File metadata and controls

55 lines (26 loc) · 2.56 KB

Fixity

A file manifest should be created for each born-digital accession at the point of accessioning. After an accession is copied into the Libraries' storage systems, use technical-appraisal-logs.py to generate an initial file manifest of all the files and their checksum information.

The current workflow also generates fixity information using bagit.py. This creates a "bag" for each accession with an MD5 manifest text file inside that is quick and easy to validate using bagit's command line program.

Below are instructions for creating and validating bags, as well as instructions for validating fixity information from checksum manifests created by other utilities.

Bagging

This workflow uses bagit.py, a Python module and command line utility with installation instructions on the Library of Congress's bagit-python GitHub page.

bagit.py turns a directory into a "bag" that includes a file (manifest-md5.txt) with the MD5 and path for every file. To validate a bag, bagit.py compares each file's current MD5 with the information in the manifest and will return "bag invalid" if there are any changes.

All the files for an accession should be put in a single bag named with the accession number.

Bagit Instructions:

1. Make the bag

$ bagit.py --md5 /path/to/accession/folder

Record this step in the preservation log.

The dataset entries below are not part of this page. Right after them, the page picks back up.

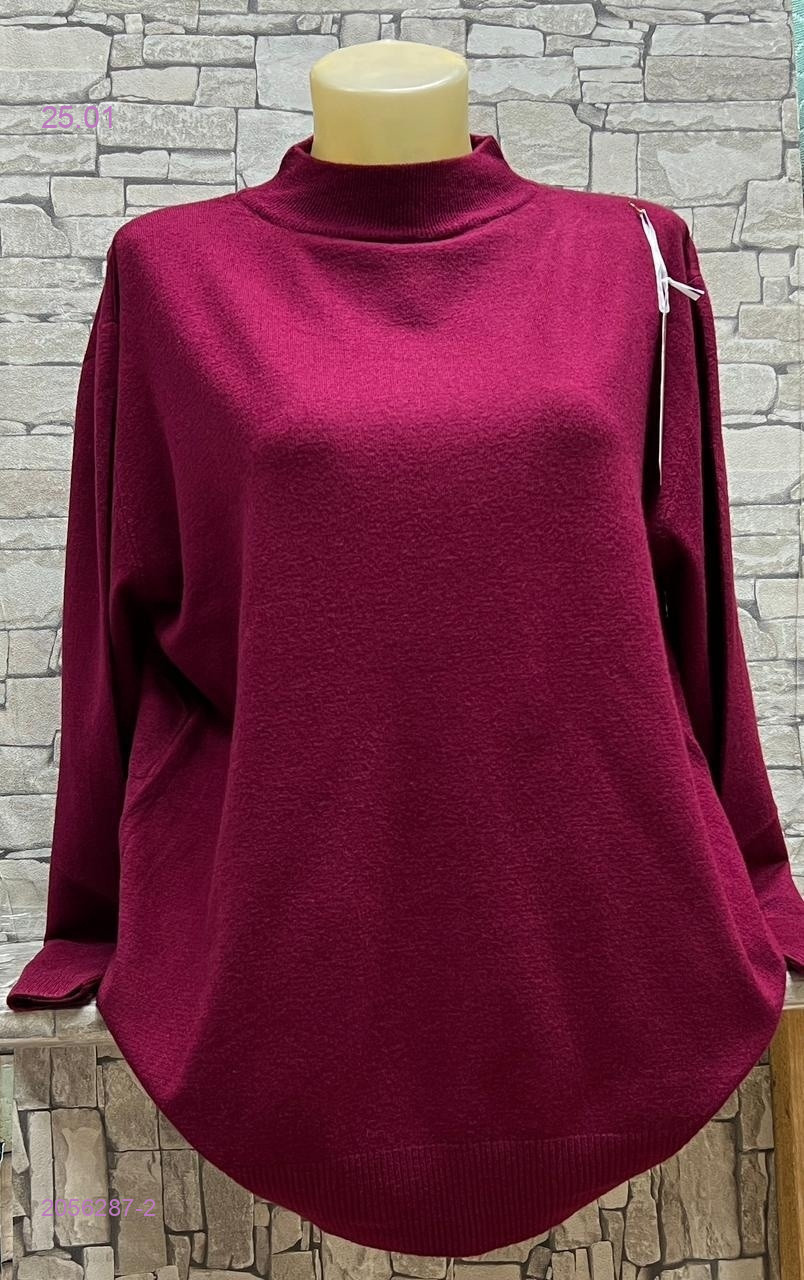 Водолазка 2056287-2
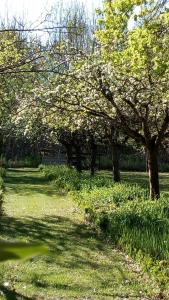 Maisons de vacances Au jardin de Grand-Pere : photos des chambres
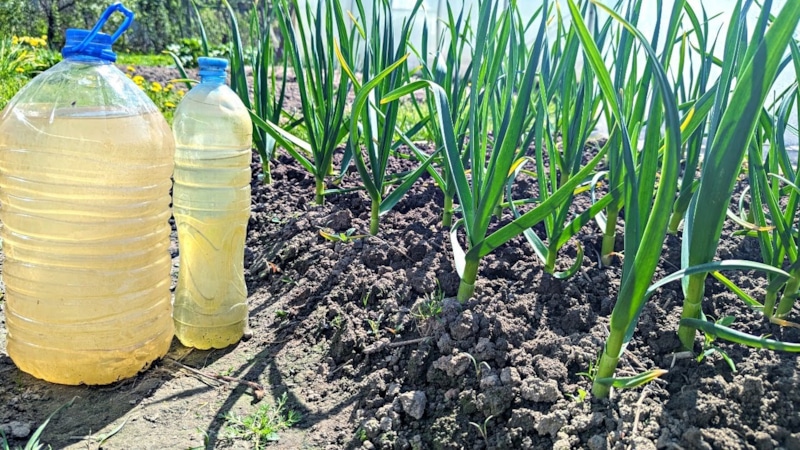 Сила роста: питание решает результат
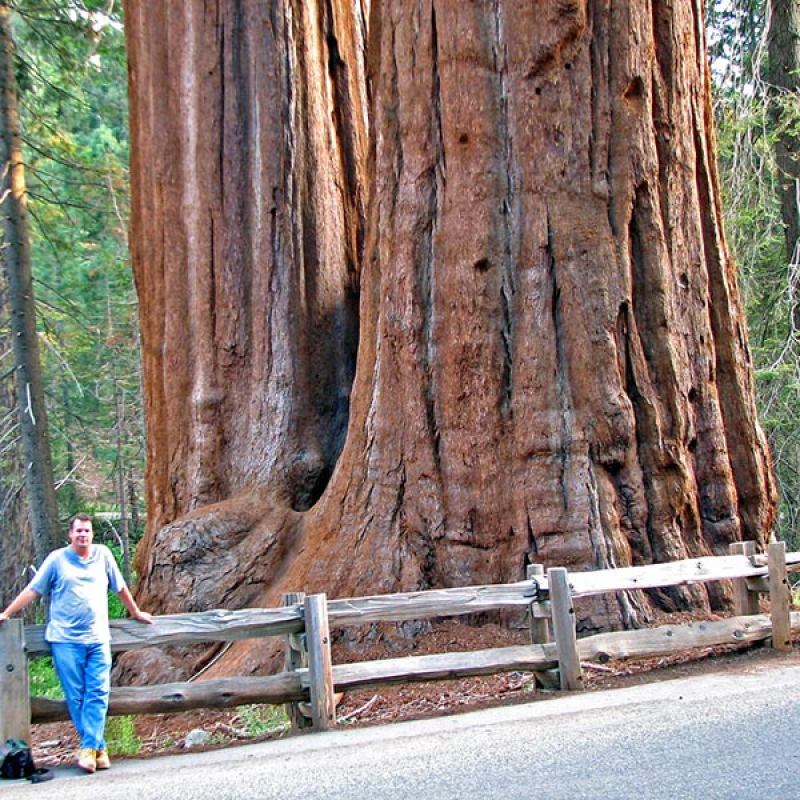 SEQUOIADENDRON giganteum syn. SEQUOIA gigantea | Giant Redwood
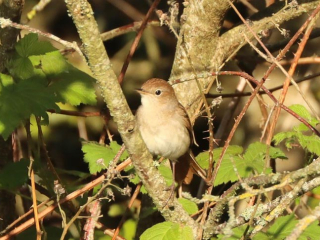 Nightingale, Holmethorpe SP (G Hay).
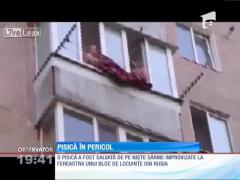 E CLAR! Pisicile chiar au nouă vieţi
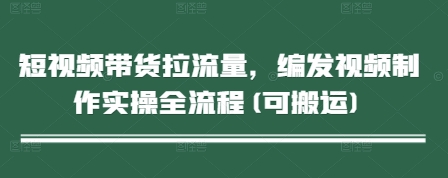 短视频带货拉流量，编发视频制作实操全流程(可搬运)-多米网络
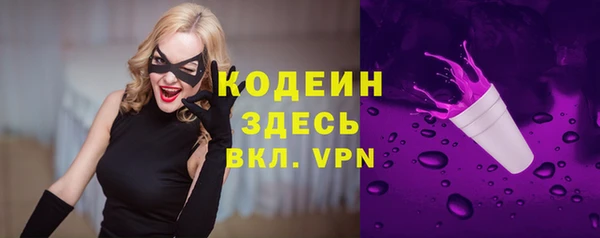 apvp Богородск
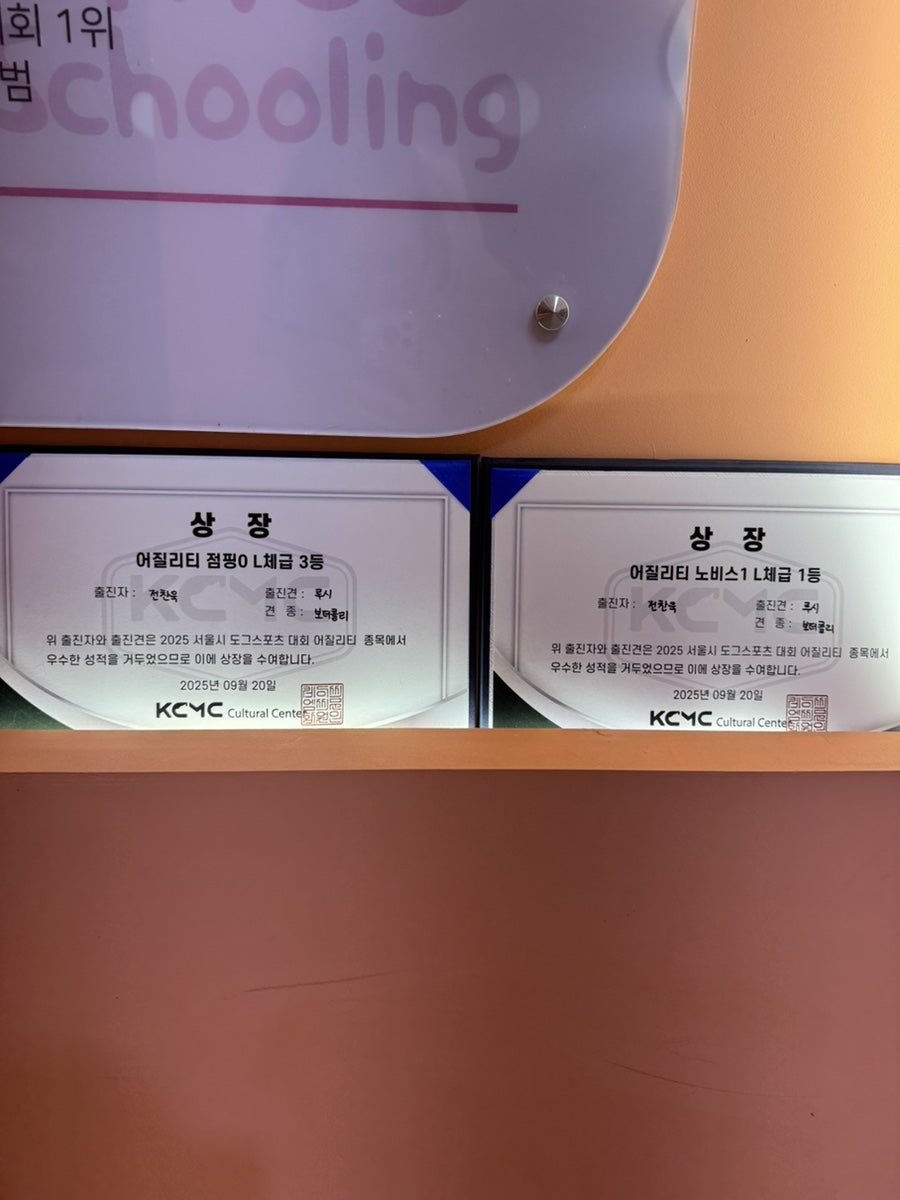일산 애견유치원 시우스쿨링, 행복한 하루 경험 후기 — 사진 14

2. Rename the bag directory

Append "_bag" to the end of the accession folder name (e.g., harg-ms-281_2017-01-er_bag).

3. Validate the bag

$ bagit.py --validate /path/to/accession/folder_bag

Record the results of this step in the preservation log.

4. Save the manifest

Save a copy of the bag manifest (manifest-md5.txt) outside the bag with the other preservation documentation.

Verifying fixity from checksum manifests

For bagged accessions:

Fixity can be validated using a simple command line command.

$ bagit.py --validate /path/to/accession/folder_bag

For accessions with other kinds of checksum manifests:

Several older accessions have checksum manifests that were generated using the file cataloging utility Karen's Directory Printer. The UGA Libraries GitHub has a set of Python scripts that can parse and validate fixity from the MD5 checksums in these manifests.